Sharp nose of grapefruit rind, bitter orange, coriander, sea salt, new leather, cracked black peppercorns; Palate is surprisingly round and balanced, brief flash of sweetness before the acidity perks up at the finish to dry it out.

Blandy’s Madeira Bual 10 year

95 g/l RS, 6.0 g/l TA

Exotic notes of toasted caraway seeds, Worchestshire sauce, caramel, toasted walnut shells, bit of soy sauce; In the mouth it is nicely plump and broad, high acidity but not as obvious, very long, persistent barely sweet finish.

Blandy’s Madeira Malmsey 10 year

127 g/l RS, 6.0 g/l TA

Obvious streak of green herbs (parsley?) then savory back notes of roasted beef bones, sea salt, dried chantarelle mushrooms, candied orange peel, allspice, green cardamom; In the mouth a more obvious sweetness at first, good balance of acidity but not aggressive, very long and slightly more sweet than others.

The remainder of this list are wines we tasted during several sessions of the trip, mostly with meals.  They are not available for sale, at least not yet.

The Colheita designation was created by the Blandy’s family, at the encouragement of the Symington’s, to represent great wines that are not yet entitled to the vintage designation.  Vintage Madeira must be aged at least 20 years in cask before bottling, Colheita’s by law must be aged for 5 years.

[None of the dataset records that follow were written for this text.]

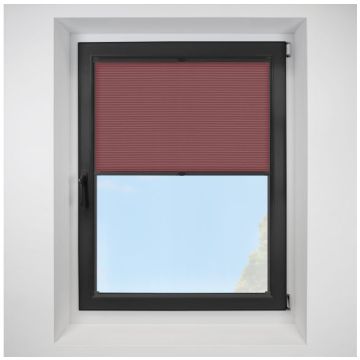 hudson1 Burgundy FITtoFRAME Honeycomb Pleated Blind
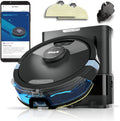 AI Robot Vacuum with XL HEPA Self-Empty Base, Bagless, 60-Day Capacity, LIDAR Navigation, Perfect for Pet Hair, Compatible with Alexa, Wi-Fi Connected, Carpet & Hard Floor, Black wourant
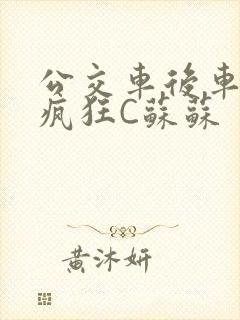 公交车后车座的疯狂C苏苏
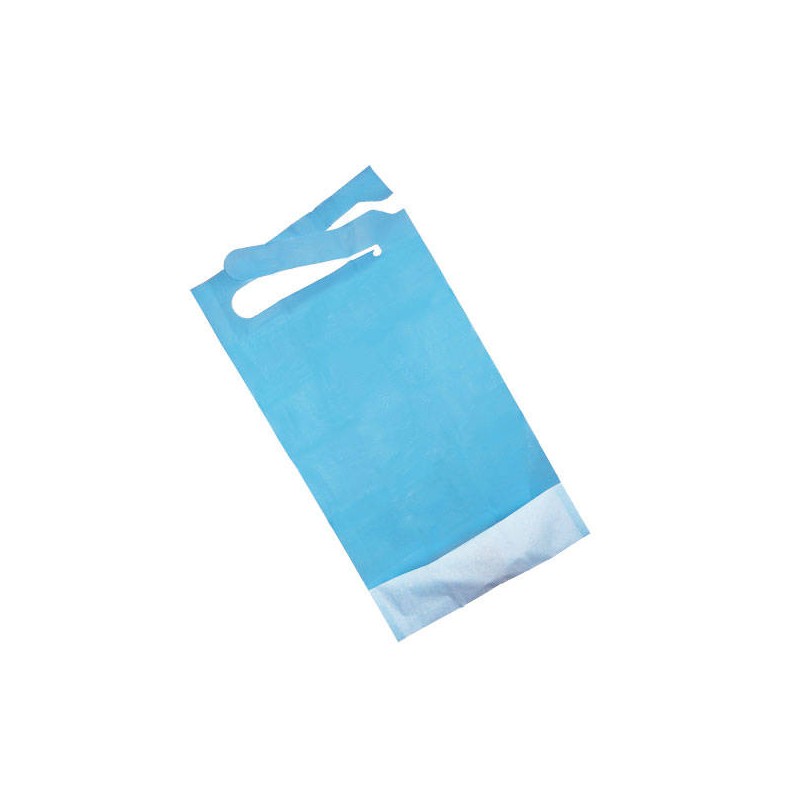 Mr.Care - BAVAGLIO PE+CARTA gr.22 C/TASCA 37x68cm 100pz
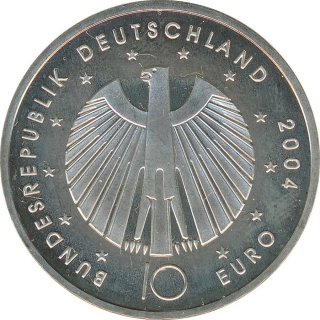 BRD 10 Euro 2004 D FIFA Fussball-WM 2006 Silber*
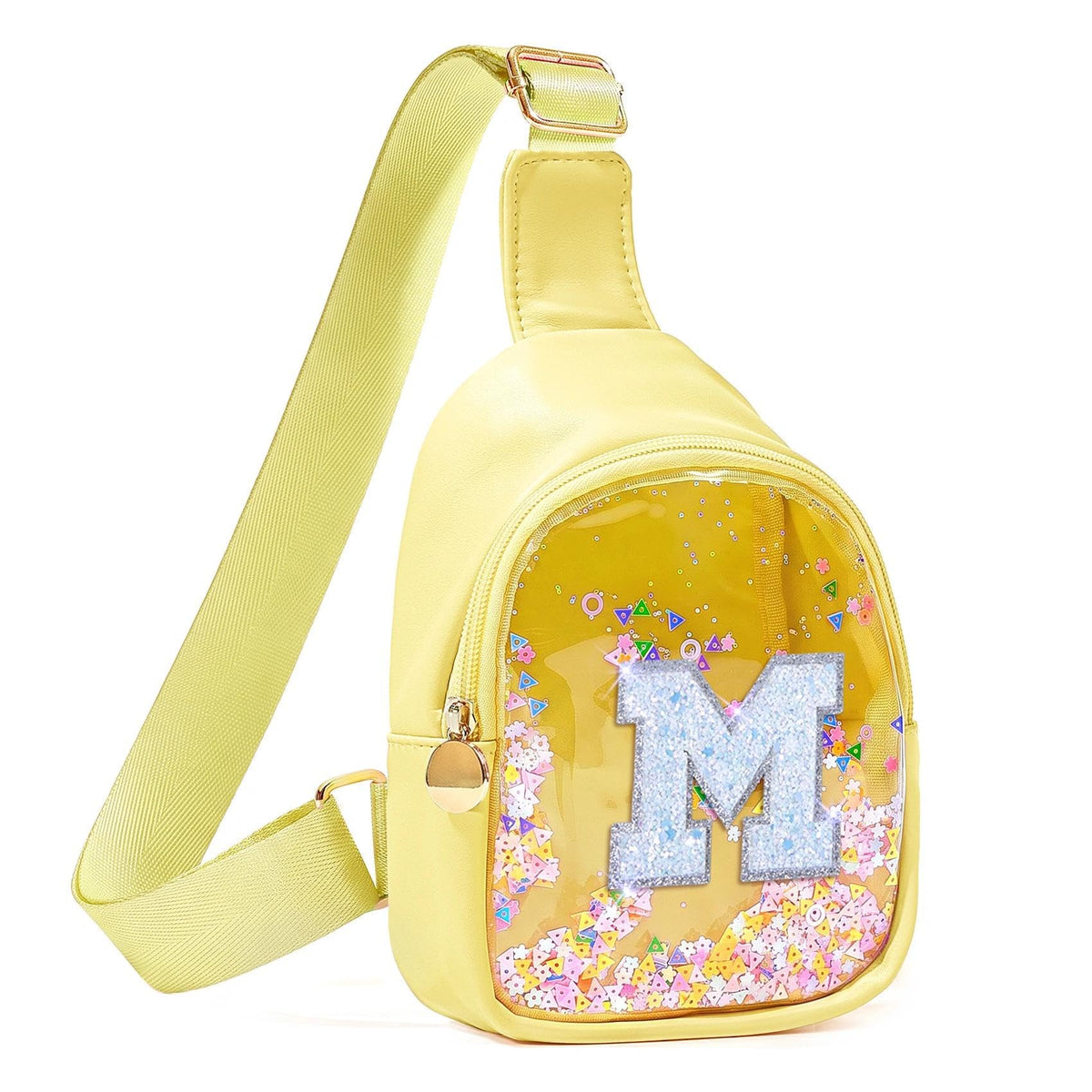 COSHAYSOO Personalized Christmas Birthday Gifts Burr Basket Stuffers for Girls Blue Purse Sling Bag Crossbody Girl Cute Funny Cool Mini Travel Fashion Accessories Monogrammed Initial Letter K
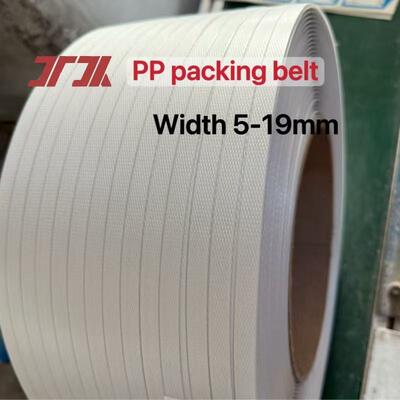 Automatic PP Strapping Belt 5–19mm Polypropylene PP Packing Straps for Carton Bundling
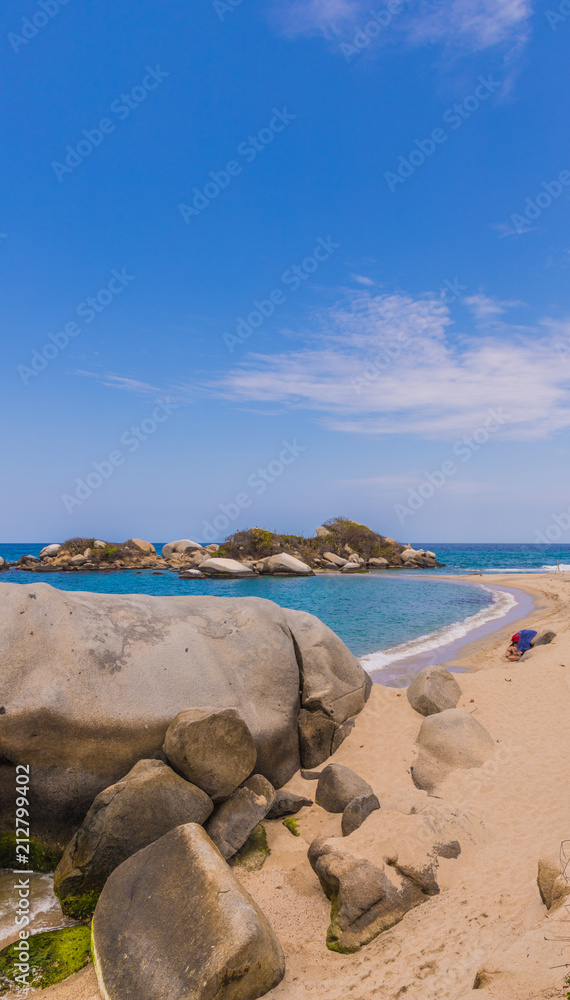 A view in Tayrona National Park in Colombia A view in Tayrona National Park in Colombia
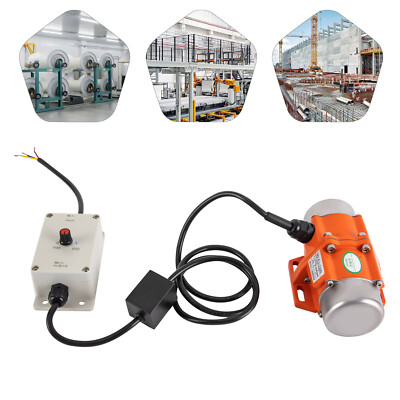 Concrete Vibrator Vibration Motor for Shaker Table 110V 3600rpm&Speed Controller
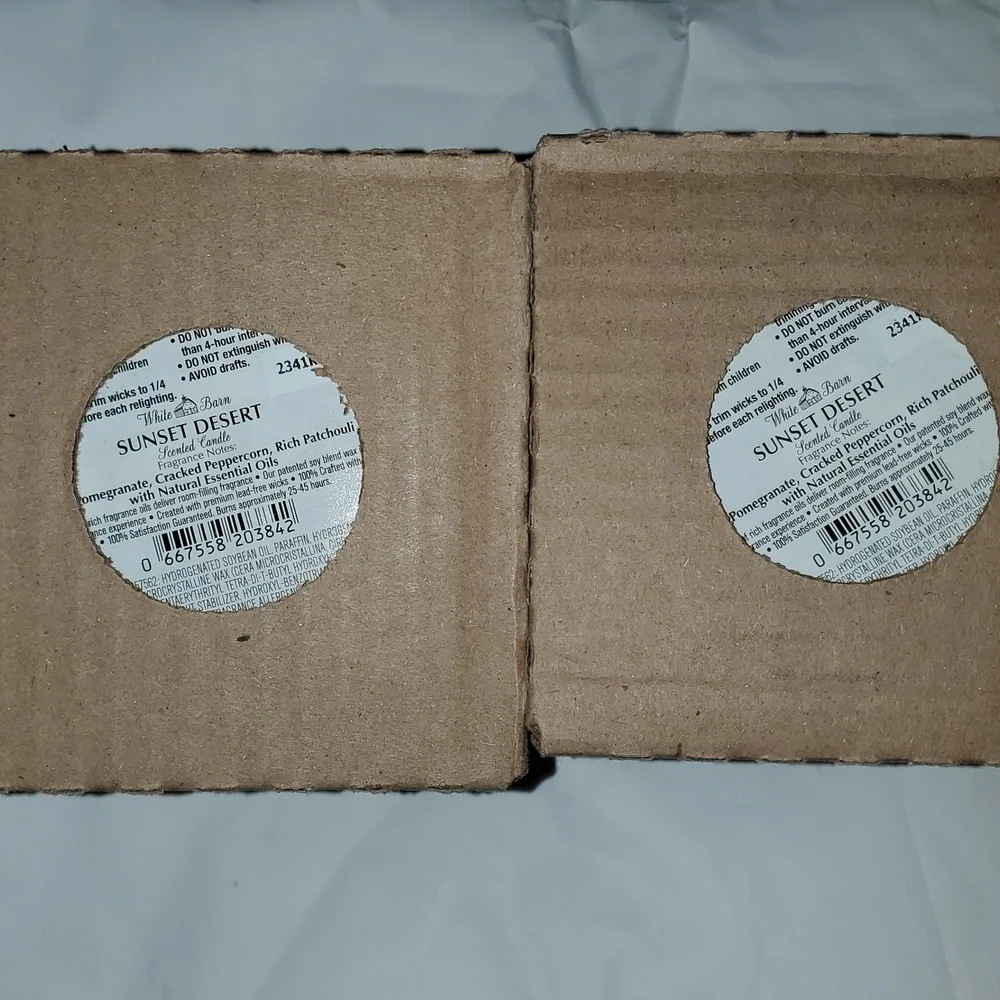 2 X Bath & Body Works White Barn Sunset Desert 3 Wick Candle Candles - Picture 8 of 12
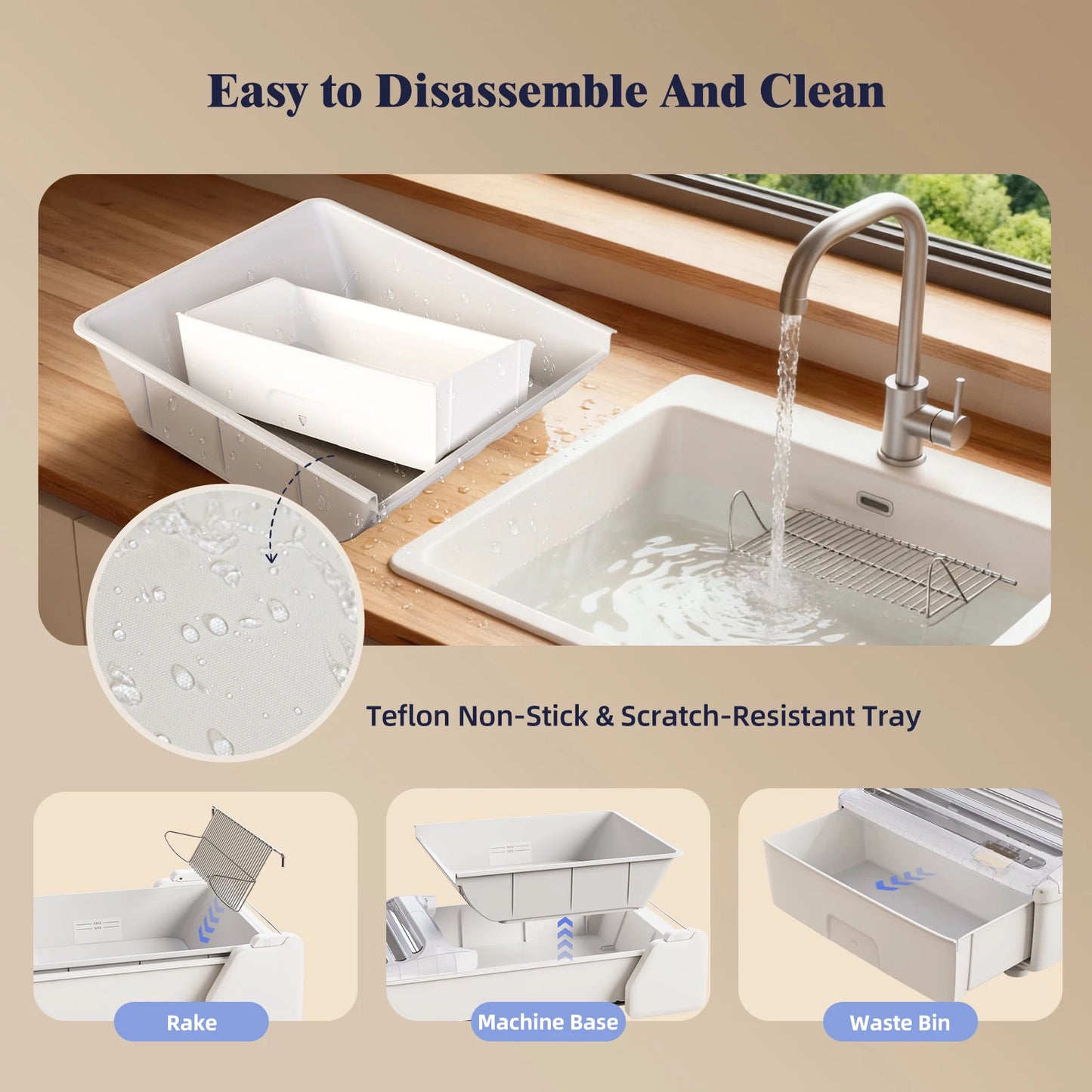 Fully Open Self Cleaning Cat Litter Box With App Control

Blandy’s Maderia Sercial Colheita 1998

47 g/l RS, 9 g/l TA

Bright nose of cinnamon broom, dried tobacco,butter brickle ice cream, some dried orange peel; palate is quite keen edged but very concentrated, has a slightly sweet, rounded edge, for a second, then it shears off but very long.

Blandy’s Madeira Verdelho Colheita 1998

77 g/l RS, 6.3 g/l TA

Savory, Maduro cigar wrapper, orange marmalade, candied pecan; palate is quite rich and concentrated, has a very nicely focused edge and very good persistence.

Blandy’s Madeira Bual Colheita 2002

96 g/l RS, 8 g/l TA

The nose is quite savory, orange pekoe tea, cinnamon, allspice and clove, dried dates and black figs, some candied kumquat; searing acidity shoots up then very it fleshes out just a bit, quite long.

Blandy’s Madeira Malmsey Colheita 1996

Extremely rich nose of juniper, vanilla, tangerine skin, green pepper corn; Palate is quite deep but with searing acidity carrying it the whole way, very long, very concentrated.

Blandy’s Madeira Malmsey Colheita 1999

125 g/l RS, 7.5 g/l TA

Quite rich nose of vanilla, toasted oak, marzipan, orange marmalade,(no green); quite vivid, acidity sheers off the sweetness but very long.

The following are a collection of vintage bottlings sampled during our formal tastings (with statistics) and with meals (no statistics.)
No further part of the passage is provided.